*Task prompt*
Please look for the string "Mercedes" below and report every line in which it occurs.

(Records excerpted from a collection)
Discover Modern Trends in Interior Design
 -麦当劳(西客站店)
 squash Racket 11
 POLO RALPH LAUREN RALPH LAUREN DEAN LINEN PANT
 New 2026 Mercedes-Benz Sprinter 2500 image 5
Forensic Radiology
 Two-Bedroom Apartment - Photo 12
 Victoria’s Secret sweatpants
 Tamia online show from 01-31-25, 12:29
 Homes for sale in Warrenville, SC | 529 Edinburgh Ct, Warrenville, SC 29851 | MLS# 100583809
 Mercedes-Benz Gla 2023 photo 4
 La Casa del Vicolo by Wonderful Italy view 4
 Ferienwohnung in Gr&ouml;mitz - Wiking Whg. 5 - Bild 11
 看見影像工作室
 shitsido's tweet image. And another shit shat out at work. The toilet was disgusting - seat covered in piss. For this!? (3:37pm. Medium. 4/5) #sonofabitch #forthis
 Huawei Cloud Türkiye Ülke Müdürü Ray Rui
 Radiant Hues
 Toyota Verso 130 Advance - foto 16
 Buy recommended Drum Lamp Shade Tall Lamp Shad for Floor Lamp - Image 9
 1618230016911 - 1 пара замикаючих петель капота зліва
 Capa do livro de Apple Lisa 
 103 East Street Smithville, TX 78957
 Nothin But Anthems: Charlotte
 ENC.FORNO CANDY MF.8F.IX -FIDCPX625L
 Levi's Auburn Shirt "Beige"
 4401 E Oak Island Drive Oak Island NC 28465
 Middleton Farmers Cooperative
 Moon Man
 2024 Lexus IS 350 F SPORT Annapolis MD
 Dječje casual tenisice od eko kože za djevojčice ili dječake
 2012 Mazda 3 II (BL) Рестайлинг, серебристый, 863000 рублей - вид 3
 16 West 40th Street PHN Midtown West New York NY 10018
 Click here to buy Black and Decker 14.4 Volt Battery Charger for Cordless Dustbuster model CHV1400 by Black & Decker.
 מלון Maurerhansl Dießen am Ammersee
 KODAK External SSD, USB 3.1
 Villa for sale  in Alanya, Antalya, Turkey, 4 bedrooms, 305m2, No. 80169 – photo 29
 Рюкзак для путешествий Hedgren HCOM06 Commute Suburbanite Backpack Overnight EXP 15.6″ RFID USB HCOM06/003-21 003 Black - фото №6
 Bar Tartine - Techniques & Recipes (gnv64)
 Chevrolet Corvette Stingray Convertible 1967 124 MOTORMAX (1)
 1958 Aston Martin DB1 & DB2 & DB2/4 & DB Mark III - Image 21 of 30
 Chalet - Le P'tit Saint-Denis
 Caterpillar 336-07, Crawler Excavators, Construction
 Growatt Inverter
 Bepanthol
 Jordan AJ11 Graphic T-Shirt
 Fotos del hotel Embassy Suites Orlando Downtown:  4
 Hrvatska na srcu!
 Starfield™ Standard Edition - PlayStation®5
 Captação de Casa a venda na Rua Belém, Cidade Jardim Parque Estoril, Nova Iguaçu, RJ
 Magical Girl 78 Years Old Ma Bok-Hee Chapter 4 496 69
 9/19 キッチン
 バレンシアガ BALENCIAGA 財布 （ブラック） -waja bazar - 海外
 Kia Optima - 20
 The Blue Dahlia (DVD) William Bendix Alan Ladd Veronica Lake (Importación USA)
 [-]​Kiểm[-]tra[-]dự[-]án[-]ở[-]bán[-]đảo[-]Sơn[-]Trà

*Task answer*
 New 2026 Mercedes-Benz Sprinter 2500 image 5
 Mercedes-Benz Gla 2023 photo 4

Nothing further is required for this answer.